China • Heilongjiang Province, Mudanjiang City, Mudanfeng National Forest Park, 42°45'74"N, 128°14'41"E, 22 August 2024, Jingwen Guo, Tian Wang, Qin Na, Zengcai Liu, Ruipeng Liu, Pengyu Du, Ying Yu, and Yupeng Ge leg., FFAAS3400 (collection no. NJ 6538).

Etymology.

Name refers to the cheilocystidia, pleurocystidia, and caulocystidia with brown contents.

Description.

Pileus 10–36 mm in diam., plano-convex, with slightly umbo at center, margin revolute, wavy, cracked at mature; *Drab (XLVI17′′′′) at center, gradually towards margin to PaMid Vinaceous-Drab (XLV5′′′′f), Pale Drab-Gray (XLVI17′′′′f) to *Drab-Gray (XLVI17′′′′d), margin *Drab (XLVI17′′′′); striate *Hair Brown (XLVI17′′′′i), towards the center up to 1/2–2/3 diam.. Context White (LIII), 1.0 mm thick, fragile. Lamellae subdecurrent, 23–27 reaching the stipe, 1–3 tiers of lamellulae, White (LIII), densely covered with Deep Brownish Drab (XLV9′′′′i) dots, irregularly intervenose, stretching downward to 2/3–3/4 of the width of lamellae, edge entirely Deep Brownish Drab (XLV9′′′′i), wavy. Stipe 24–44 × 2–4 mm, central, cylindrical; apex to middle *Smoke Gray (XLVI21′′′′d) to Pale Smoke Gray (XLVI21′′′′f), base *Ecru-Drab (XLVI13′′′′d) to *Drab-Gray (XLVI17′′′′d), hollow, fragile, apex with Light Drab (XLVI17′′′′b) to *Drab (XLVI17′′′′) striates, sparse White (LIII) pubescent at base. Odor and taste not distinctive.

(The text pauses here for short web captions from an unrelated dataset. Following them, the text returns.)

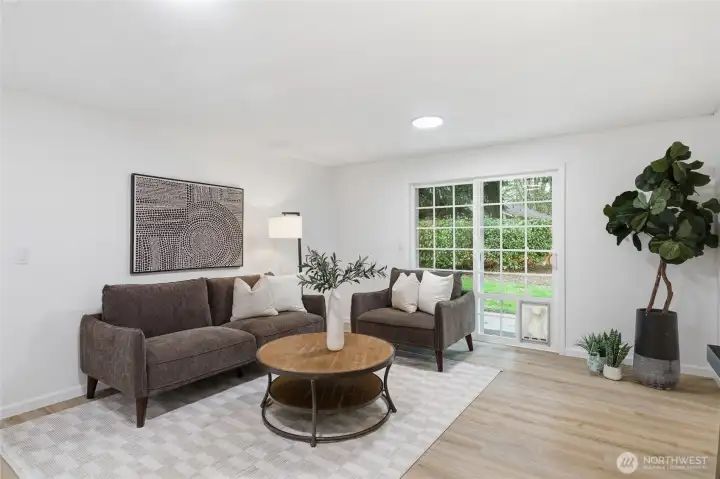 Comfortable secondary living space with wood-look floors, sliding glass door to the backyard, and a relaxed layout perfect for everyday use.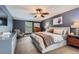 Spacious main bedroom with dark blue walls, a ceiling fan, and comfortable furnishings at 7708 S Krameria Ct, Centennial, CO 80112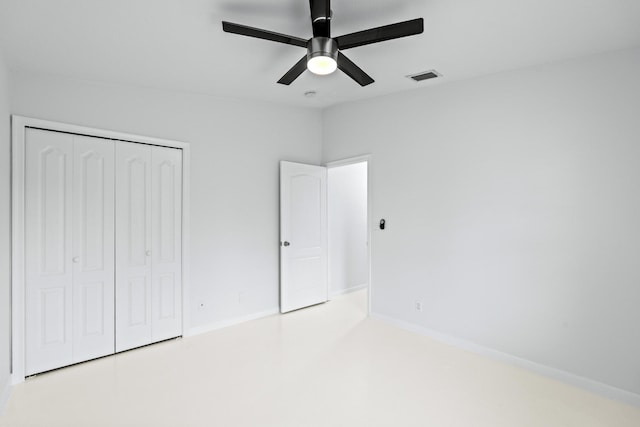 11356 Ira Ln, Lake Worth, FL 33449 - unfurnished bedroom with a closet, baseboards, and ceiling fan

Basidiospores (60/3/2) (5.4)5.6–6.3–6.9(7.1) × (2.6)2.9–3.2–3.5(4.0) μm [Q = (1.72)1.77–2.16(2.19), Qm = 1.97 ± 0.09] [holotype (40/2/1) 6.0–6.5–6.9(7.1) × 3.0–3.2–3.5 μm [Q = (1.83)1.89–2.15(2.18), Qm = 2.00 ± 0.08], narrowly ellipsoid to cylindrical, colorless, smooth (1000×), thin-walled, amyloid. Basidia clavate, 16–21 × 5–7 μm, hyaline, thin-walled, 4-spored, sterigmata 2–3 μm in length. Cheilocystidia fusiform with tapered apices, 36–62 × 9–14 μm (Fig. 3G–J, Fig. 4D1), acicular to lanceolate, 46–84 × 10–17 μm (Fig. 3M–P, Fig. 4D2), with brownish contents, thin-walled, smooth. Pleurocystidia similar to cheilocystidia, 39–72 × 8–15 μm, with brownish contents, thin-walled, smooth. Pileipellis a cutis composed of cylindrical cells, 32–121 × 3–6 μm, smooth, thin-walled; terminal cells cylindrical, apex tapering, 34–87 μm in length, apex 1–3 μm, base 3–7 μm, thin-walled, hyaline. Hypodermium formed by fusiform to subglobose hyphae, 20–72 × 12–39 μm, thin-walled, hyaline. Lamellar trama subregular, dextrinoid. Stipitipellis a cutis composed of cylindrical hyphae, 9–18 μm in diam., smooth, thin-walled; terminal cells fusiform or cylindrical, apex tapering, 31–72 × 4–8 μm, with pale brownish contents, thin-walled, smooth; caulocystidia fusiform, 33–70 × 7–13 μm, with pale brownish contents, thin-walled, smooth. Clamps present in all tissues.

Figure 3. 

Microscopic features of Mycena brunneocystidiata (FFAAS3400, holotype). A–E. Basidiospores; F. Basidia; G–J. Fusiform cheilocystidia; K–L. Acicular to lanceolate cheilocystidia; M–P. Fusiform pleurocystidia; Q–R. Acicular to lanceolate pleurocystidia; S. Pileipellis and hypodermium; T. Lamellar trama; U. Stipitipellis and caulocystidia. Scale bars: 5 μm (A–E); 10 μm (F); 25 μm (G–R); 20 μm (S–U). Structures (A–E) were rehydrated in 5% KOH aqueous solution, (G–R, U) were rehydrated in sterile water and (F, S–T) were stained in 1% Congo red aqueous solution.

Figure 4. 

Morphological features of Mycena brunneocystidiata (FFAAS3400, holotype). A. Basidiomata; B. Basidiospores; C. Basidia; D1. Fusiform cheilocystidia; D2. Acicular to lanceolate cheilocystidia; E1. Fusiform pleurocystidia; E2. Acicular to lanceolate pleurocystidia; F. Stipitipellis and caulocystidia; G. Pileipellis and hypodermium. Scale bars: 20 mm (A); 5 μm (B); 10 μm (C); 25 μm (D1–G). Drawings by Jingwen Guo.

Habit and habitat.

Scattered on the litter layer in Acer mono Maxim., Larix gmelinii (Ruprecht) Kuzeneva, Pinus koraiensis Siebold et Zuccarini, and Quercus mongolica Fischer ex Ledebour mixed forests during summer and autumn.

Known distribution.

Heilongjiang Province, Jilin Province, China.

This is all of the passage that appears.